Prezydent podpisał ustawę antypracowniczą

Prezydent RP, Bronisław Komorowski, podpisał nowelizację Kodeksu pracy, zakładającą wprowadzenie rocznego okresu rozliczeniowego oraz ruchomego i przerywanego czasu pracy. Zgodnie z projektem pracodawca będzie mógł narzucić pracę po 13 godzin na dobę 6 dni w tygodniu. Projekt doprowadzi też do likwidacji wyższych stawek za nadgodziny. Wreszcie wprowadzenie przerywanego czasu pracy będzie oznaczać znacznie większe uzależnienie pracowników od firmy i radykalny wzrost elastyczności czasu pracy. Może ono wiązać się np. z pracą od 8.00 do 12.00, a potem od 15.00 do 19.00.

Rząd argumentował, że zmiany pomogą utrzymać konkurencyjność polskiej gospodarki. Stanowisko koalicji PO-PSL podzielają organizacje pracodawców. Pracodawcy RP oświadczyli, że podpisanie ustawy przyjmują „z dużą satysfakcją (…) gdyż nowe przepisy ułatwią organizację czasu pracy, a przez to wpłyną pozytywnie na sytuację firm i ich pracowników”.

Przeciwko ustawie protestowały związki zawodowe, twierdząc, że pracownik zostanie sprowadzony do roli niewolnika. Eksperci związkowi wskazywali, że nowe rozwiązania będą oznaczać dłuższą pracę za mniejsze pieniądze.
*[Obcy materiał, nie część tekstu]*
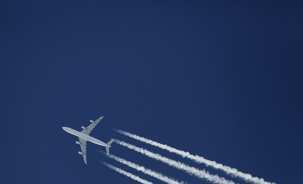 GettyImages-583677360.jpg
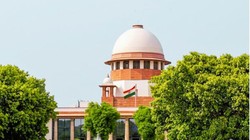 सीएम योगी के भरोसेमंद अधिकारी संजय प्रसाद को सुप्रीम कोर्ट से मिली राहत, इलाहाबाद हाई कोर्ट के आदेश पर लगाई रोक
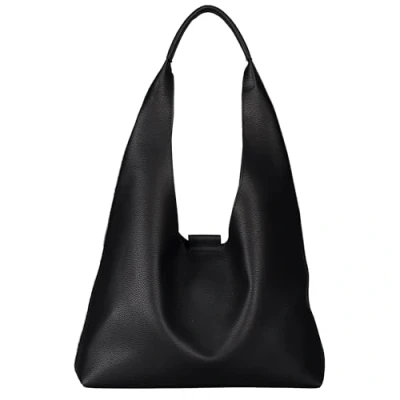 Abbildung von TOM Tailor Umhängetasche, Damen, Größe: One Size, Black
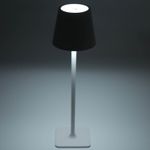 Luminaria-de-Mesa-Led-3-Tons-Usb-Elegance-95cm-x-95cm-x-38cm-Branca-Metal-Lyor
Tuż po przyjęciu przez rząd antypracowniczych rozwiązań, trzy centrale związkowe, OPZZ, FZZ i Solidarność zdecydowały się wystąpić z Komisji Trójstronnej. Związkowcy apelowali też do prezydenta, aby nie podpisywał ustawy.

OPZZ i Solidarność zapowiadają zaskarżenie zmian Kodeksu Pracy do Trybunału Konstytucyjnego.